Libertà è una numerosa famiglia meridionale. Libertà è il fratello di tuo padre, che quando tu nasci lui ha l'età che tu hai adesso, e ti vizia, e ti porta con se ovunque, e ha una casa che è un parcogiochi tecnologico, e tanti trentatre giri che tu, diligentemente, provvedi a registrare. Libertà sono tutte le tue cugine, quelle alternative con cui vai per centri sociali e per concerti hip hop mentre scoppia il fenomeno delle posse, e quelle chic che ti portano a ballare in un locale tra veline, cantanti molto mal ridotti e rinomati industriali che palpano diciottenni slave al tavolo a fianco.

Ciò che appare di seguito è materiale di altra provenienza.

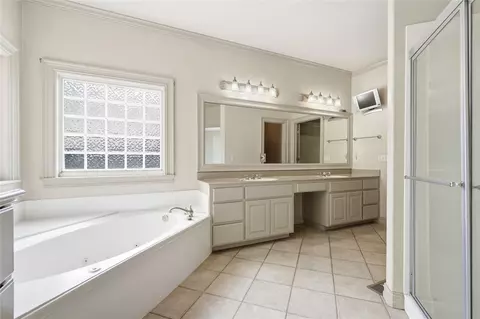 Bath - 7804 E Dallas St, Broken Arrow, OK 74014 photo 4 of 8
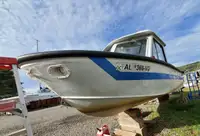 Arbeitsboote zu verkaufen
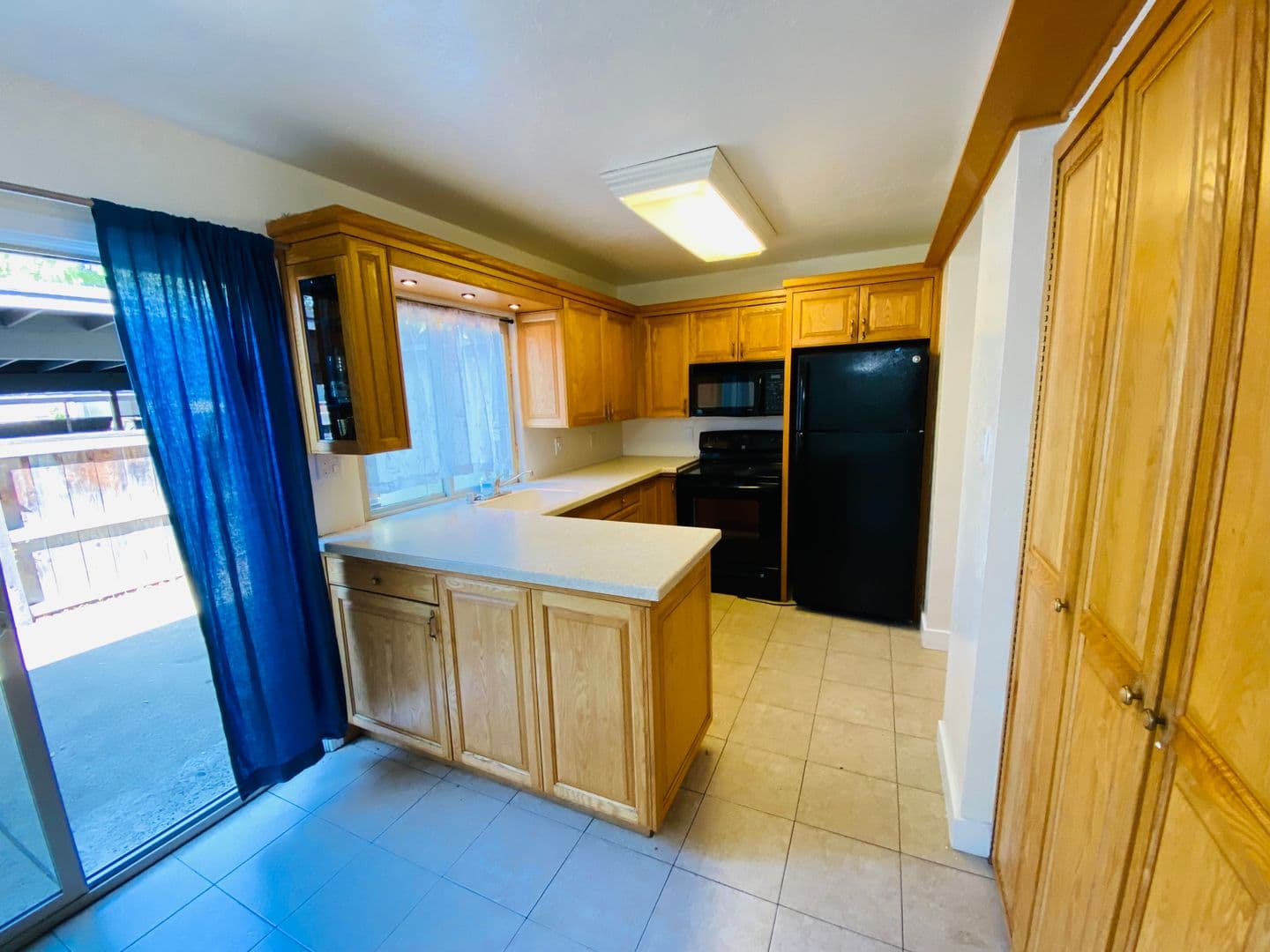 Sacramento Townhome: 8868 La Riviera Dr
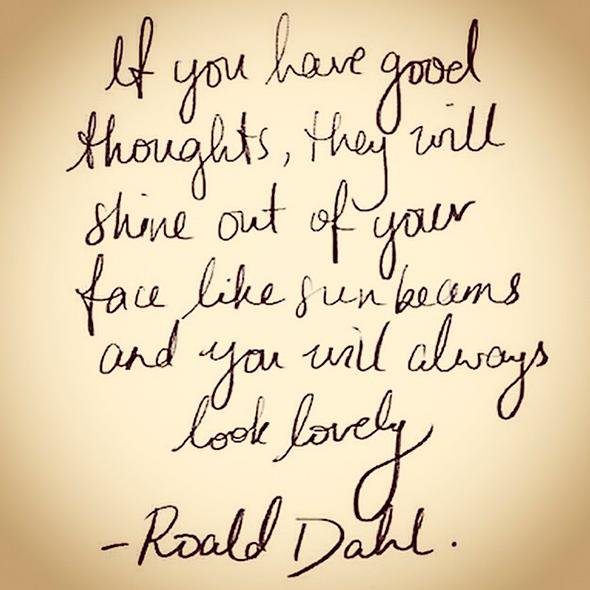 laurtan_17's tweet photo. #GoodMorning  https://t.co/DmbFhS4P2t https://t.co/q3OdvTifel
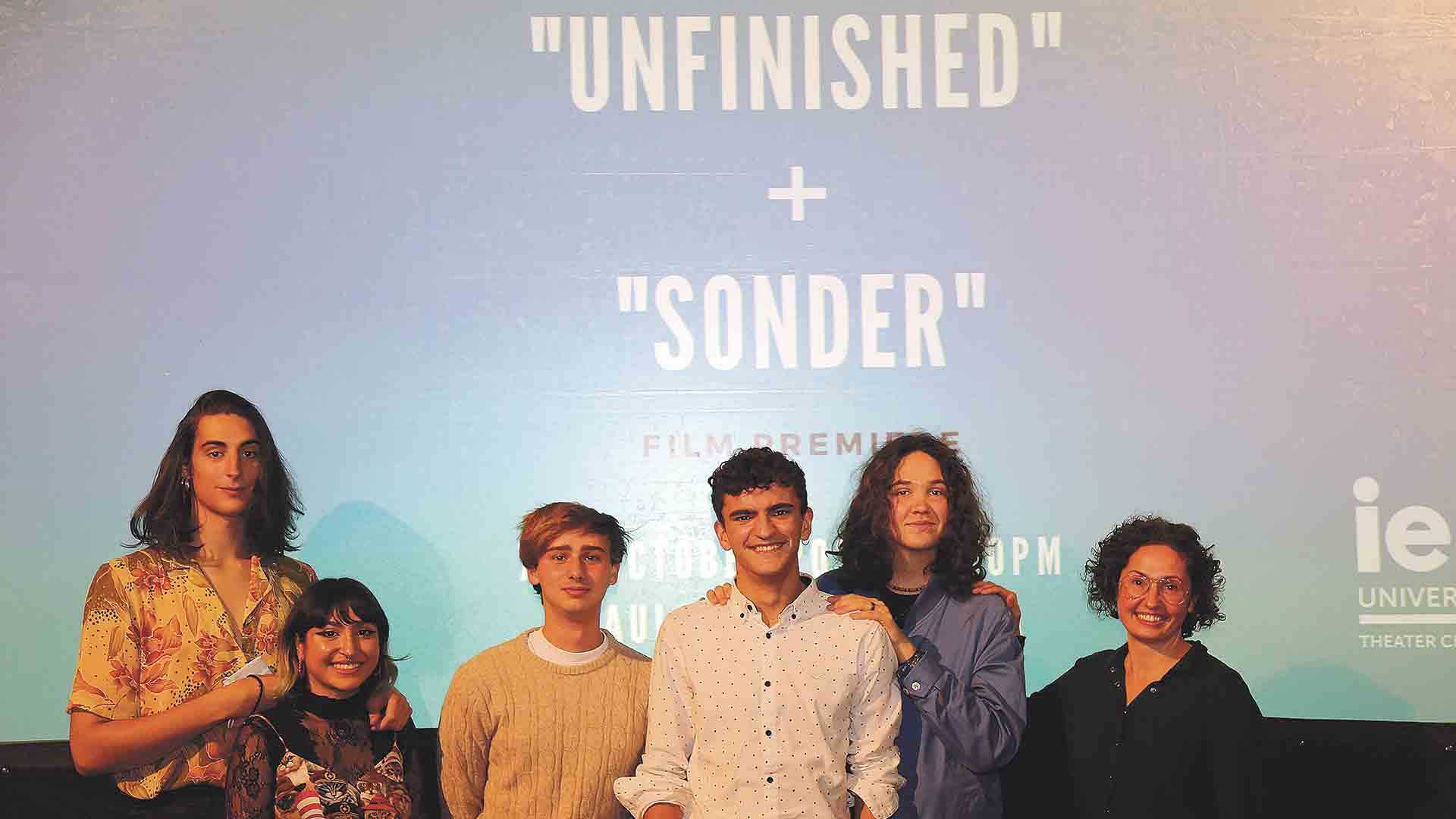 Varios integrantes del club de Teatro durante el estreno. / Lily Andrés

Libertà è la prima volta in un locale di quelli, libertà è il primo bacio dato all'aria aperta senza paura, in un tramonto sulle colonne di San Lorenzo, mentre lui si infila in un taxi, dopo troppi cocktail tirati giù parlando di Alda Merini. Libertà è quella volta che all'alba ti sei perso sulla tangenziale- tragitto da Sesto San Giovanni a Magenta: e perchè ti ritrovi a Melegnano, con la nebbia e la lancetta della benzina pericolosamente fissa sul rosso?

Libertà è averla trattata sempre come amante. Averci dormito insieme, ma non essere mai andato a convivere ufficialmente con lei. Che la convivenza, si sa, è la tomba dell'amore. Ed infatti, se ne sono andati tutti. Chi è scappato in California, chi è tornato a Venezia, chi ha lasciato le sue ultime tracce tra Barcellona e la Turchia- che sempre sia benedetto gugòl che ti consente di scoprire che fine ha fatto un nome e cognome del tuo passato senza avere a che fare con tristi e patetici riavvicinamenti.

Per tutte queste ragioni, per le zanzare di Greco e per i girasoli a Noverasco di Opera, per quel pulastèr tanti anni fa nel quartiere costruito per i giornalisti del Corriere e per il sushi in Ticinese quest'anno per celebrare un'amicizia che sembrava persa, per tutte queste ragioni, e per molto altro, io amo Milano.

Quando morì mia madre, mentre ci mettevamo in macchina per tornare al sud, mia zia- una donna cilentana, vissuta per trentanni in Calabria e trasferitasi da pochi anni a Milano- mentre ci mettevamo in macchina per tornare, mi disse: "Adesso non odiarla, questa città".
Non so perchè me l'abbia detto proprio lei. Mi piace pensare che non sia stata mia zia, ma la città stessa, a volermelo dire.
Io ad odiarla non ci sono mai riuscito. E non ci ho neppure mai provato.